Uma mulher de cabelos escuros chegou ao local junto com outro paramédico e checou o pulso do homem de cabelos negros e escorridos, caído no chão e coberto de sangue.

— Não, ainda está vivo. O pulso está fraco, mas existe. Acho que podemos salvá-lo.

Olhando mais de perto, reparou nas marcas de mordida.

— Número dois, traga-me a maleta. É veneno de cobra, ainda dá tempo de ministrar o antídoto.

O homem que havia entrado com ela trouxe uma caixa pequena, que a mulher abriu e examinou com habilidade treinada. Tirou de dentro um pequeno frasco com um líquido borbulhante e transparente, levando à boca do homem semimorto e despejando seu conteúdo nela.

Trinta segundos. Os mais desesperadores da vida de um medibruxo, os trinta segundos em que o antídoto faz efeito e é dado o veredicto: a pessoa viverá, ou morrerá. Trinta segundos contados no relógio daquela mulher, e então, o homem arquejou, e abriu os olhos, ainda sonolento, semiconsciente. A médica conferiu o seu pulso, enquanto o homem, em arquejos, gaguejava palavras incompreensíveis. Ou quase.

— Ele... Sobreviveu? O que... Ah. Ele tem que...

— Senhor, consegue lembrar onde está?

— Em Hogwarts... Cadê... Ele..?

— Senhor, nós somos médicos, o senhor está gravemente ferido. Pode nos dizer o seu nome?

— Snape... Severo.. Snape.

 

Snape acordou do pesadelo com um sobressalto. Não era a primeira, nem seria a última vez que aquela noite o assombraria. Lembrava de tudo com a mesma nitidez de 20 anos atrás: o Potter aparecendo em Hogwarts, a traição, aqueles olhos fendidos de cobra e a própria cobra, os olhos verdes de Lily... Não, do filho dela, antes de morrer, ou pelo menos, quando chegou perto demais da morte. Quando achava que havia superado, aquilo voltava e arrancava um pedaço de seu coração. Nem quando Clarissa era viva, os sonhos o abandonaram.

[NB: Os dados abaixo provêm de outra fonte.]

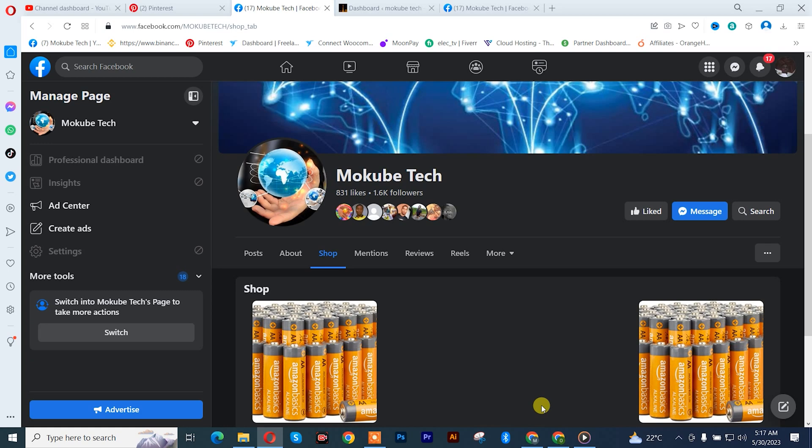Hello guys, it's Mokube here. In today's tutorial I'll be showing you guys how to delete a product from your Facebook shop, or if you're facing difficulty deleting a product from your Facebook shop, I'm going to show you how to solve that issue. Without wasting much of your time, let's get into the video.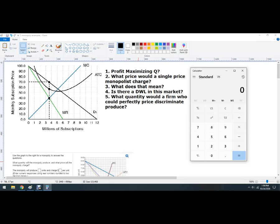Hello out there. Let's do some examples of monopoly graph analysis. This is a practice video, so I'm going to show you some problems. It's a good idea to stop the video, try it, and then I will solve them and you check your answer. If you went wrong, you see how you went wrong and think about it and fix it for the next time.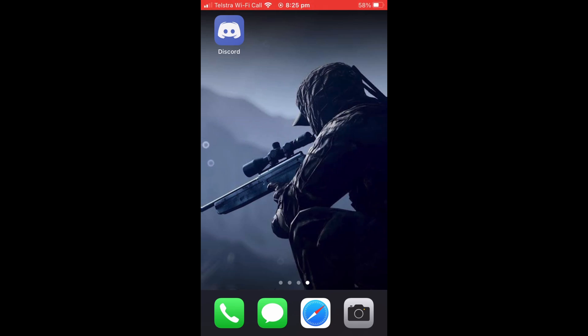Yo what's up guys, Infinite Skills here, and today I'll be showing you a super quick tutorial on how to change your username on Discord on phone and on PC. So without further ado, let's get into this.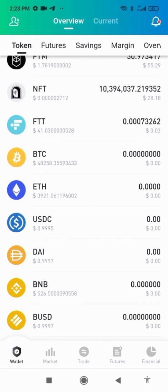Welcome to my master class. This is Boka's Crypto Master Class — in this channel all we do is crypto trading, teaching you how to make money on cryptocurrency. If you have not subscribed to this channel, use this opportunity and click the subscription link below and subscribe so that you'll be getting all our videos exactly the time it drops.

Severo olhou para a cama ao lado, esperando encontrar o familiar brilho vermelho, acompanhado de um corpo feminino e esguio que dormia como um gato todas as noites, mas apenas encontrou o vazio. Ela está no quarto do James — pensou, tentando acalmar-se — ela está bem, mais tarde eu falo com ela. Quando finalmente se convenceu, levantou para encarar o dia.

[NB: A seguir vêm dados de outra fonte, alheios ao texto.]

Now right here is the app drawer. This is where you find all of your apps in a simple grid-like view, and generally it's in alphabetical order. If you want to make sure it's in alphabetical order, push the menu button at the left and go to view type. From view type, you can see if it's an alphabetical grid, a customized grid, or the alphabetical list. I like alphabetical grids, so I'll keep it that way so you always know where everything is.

Seu primeiro pensamento ao sair do corredor dos professores era passar no quarto dos monitores, para dar uma olhada em Lis, mas um ser de cabelos negros e olhos verdes como os do pai o surpreendeu no corredor. O que fazia ali, tão longe do seu caminho para o Salão Principal?

— Prof. Snape! Eu estava justamente indo procurar o senhor — o homem levantou uma sobrancelha grisalha — a Lis pediu que não fosse no quarto do James, ele está meio mal por causa da prova de ontem, e disse que não queria ver ninguém.

Não era exatamente incomum Lis abrir mão de um dia de aulas para cuidar de alguém, principalmente se esse alguém fosse o James, mas algo no comportamento do Potter que carregava seu nome fez uma luzinha vermelha acender na mente dele. Ainda assim, meneou a cabeça, faria o que a filha pedira, pelo menos por algumas horas.

Aparentemente, ele descobrira, aquele não era um dia bom para ninguém. James e Lis trancados no quarto, Escórpio e Lily com uma doença misteriosa que ele supôs ser apenas um efeito do impacto do sumiço dos Weasley. Para completar, todos os alunos pareciam ainda mais agitados, só porque ele não estava afim de ser paciente: devia ter expulsado uns quatro até a hora do almoço. Alvo Potter continuava insistindo que Lis não queria falar com ninguém, e uma dor de cabeça se instaurou em Snape. Alguma coisa estava terrivelmente errada.

A ausência da caçula dos Potter na última aula causava murmúrios e inquietude nos colegas dela e dos sonserinos que dividiam aquele horário. Se a falta dela não fosse suficiente para deixá-lo desconfiado, a diretora McGonagall, com o rosto afogueado, irrompendo pela sala o seria. Ela se aproximou, e pareceu querer disfarçar a sua preocupação, o que ele achou desnecessário, já que as cabecinhas curiosas já haviam se desviado dos ingredientes para os professores do outro lado da sala.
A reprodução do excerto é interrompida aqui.